We’ve all heard that stock phrase from fusty teachers and parents: “Video games will rot your brain!” But real gamers will know this definitely isn’t the case.
In fact, there have been numerous studies to show that playing video games actually increases brain function, problem-solving, management skills and comes with a whole bunch of other positive attributes. So just in time for the new academic year, here’s a list of video games that might also be able to teach you a thing or two — find out more in the video above.
Flight Simulator really can teach you to fly a plane, and there’s a true story to prove it. A kid in America entered himself into Primary Flight Training at a real naval air station. After excelling at his training and making the admirals list, he was asked where he’d flown before. He replied: “Well, I used to play Flight Simulator on the weekends.” A year later both the Navy and the Air Force added Microsoft Flight Simulator to their flight training programmes.
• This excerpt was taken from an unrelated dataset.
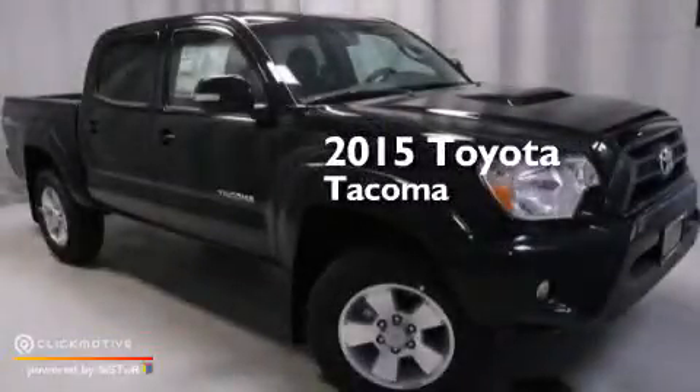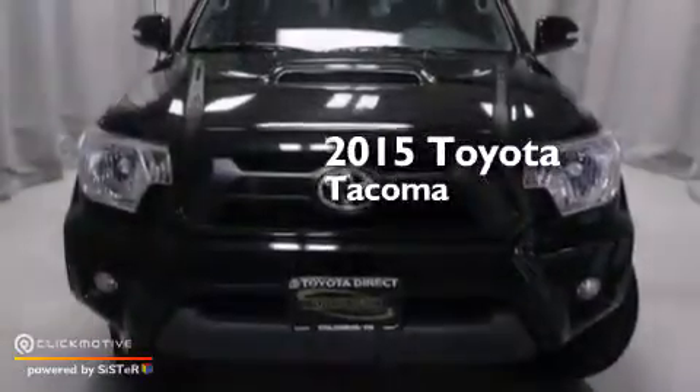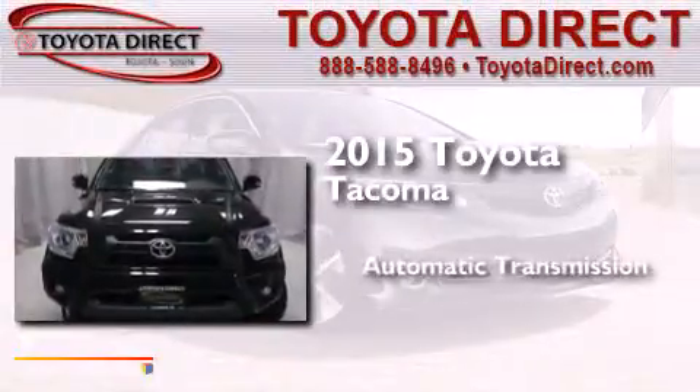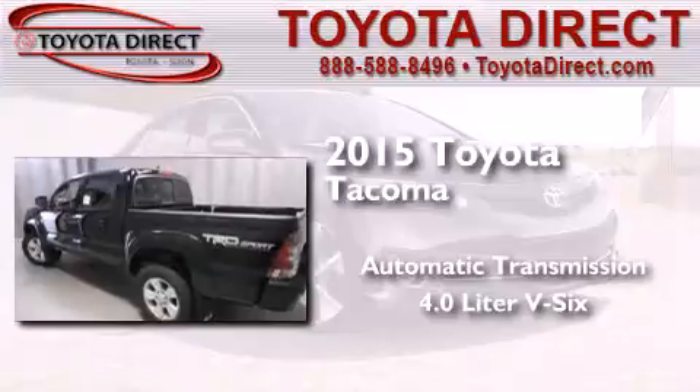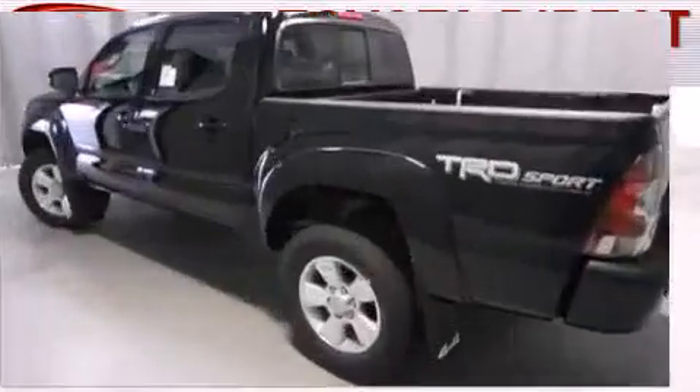This is a brand new 2015 Toyota Tacoma. This truck has an automatic transmission, a 4.0-liter V6, and the added safety and control of four-wheel drive.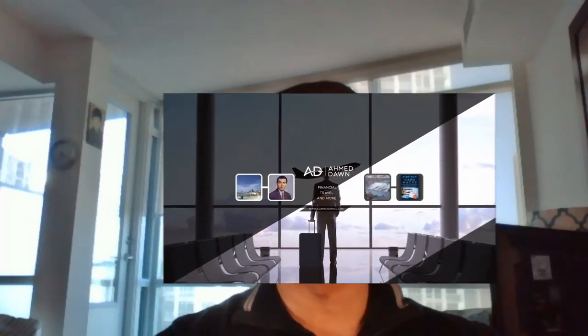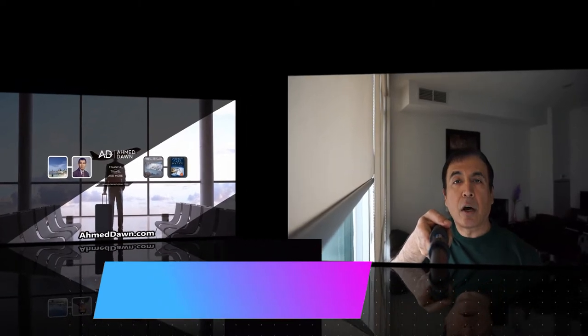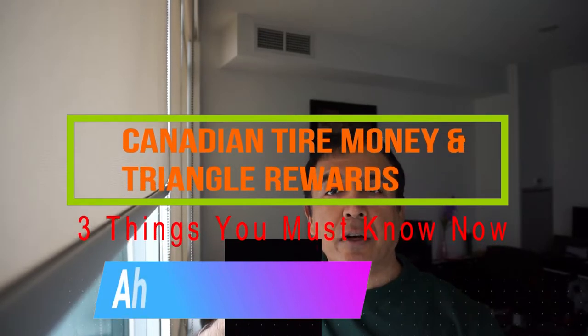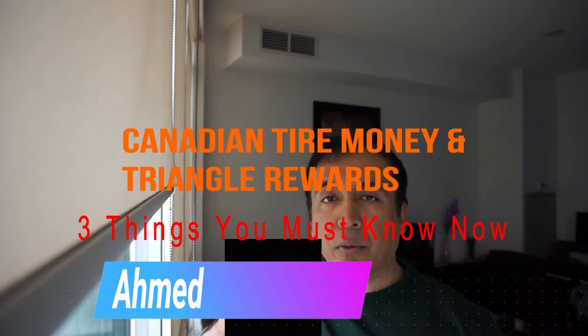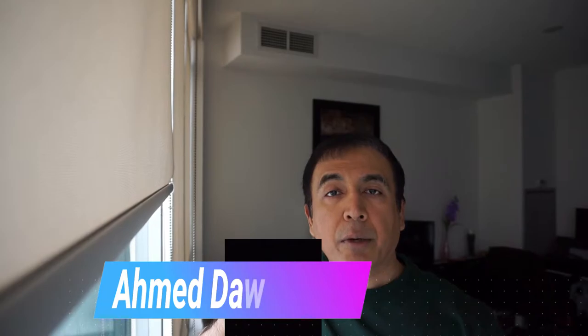Hello everyone, this is financial author Amit Done of amitdone.com. On this channel you'll find financial, travel, and more videos, including credit card reviews which are unbiased and honest, and rewards, points, and miles program reviews. If you like what you see, please give it a thumbs up and hit the subscribe button because there will be more videos coming up.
Minecraft is already being used in some school curriculums for the way in which it can teach engineering and coding. The ultimate creator’s game, Minecraft players are making everything from a Kings Landing the size of Los Angeles to an actual working computer with RAM. As well as fostering creativity, anyone who’s played the game for long enough knows that redstone circuits quickly teach you about logic gates and the basics of computer programming.
Frog Fractions teaches you maths — but not that much about amphibians.
Rocksmith teaches you how to play guitar. It’s like Guitar Hero except you plug in any real guitar and play along using the actual strings. So you actually learn to play a guitar, not a plastic five buttoned controller. (Sorry to break the news to Guitar Hero Expert Level pros.)
Plants Vs Zombies
Plants Vs Zombies teaches you forward planning. In almost every video game, you have to think ahead to some degree, but in Plants Vs Zombies, when you put a Plant down it could be to stop a Zombie that won’t show up for several minutes. In fact, this kind of forward planning goes for any tower defence game. This might sound tame, but it’s probably the most transferable — and therefore, valuable — skill on this list.
Kerbal Space Program
Kerbal Space Program teaches you rocket science. Literally. A game about building interplanetary vehicles from scratch, it teaches you about orbital nodes and sidereal periods (see, it even sounds smart) as well as how to make an expensive explosion. This one will make your science teacher proud.
Dwarf Fortress teaches you that you can’t ever really win, and zombie chickens will murder everyone you love.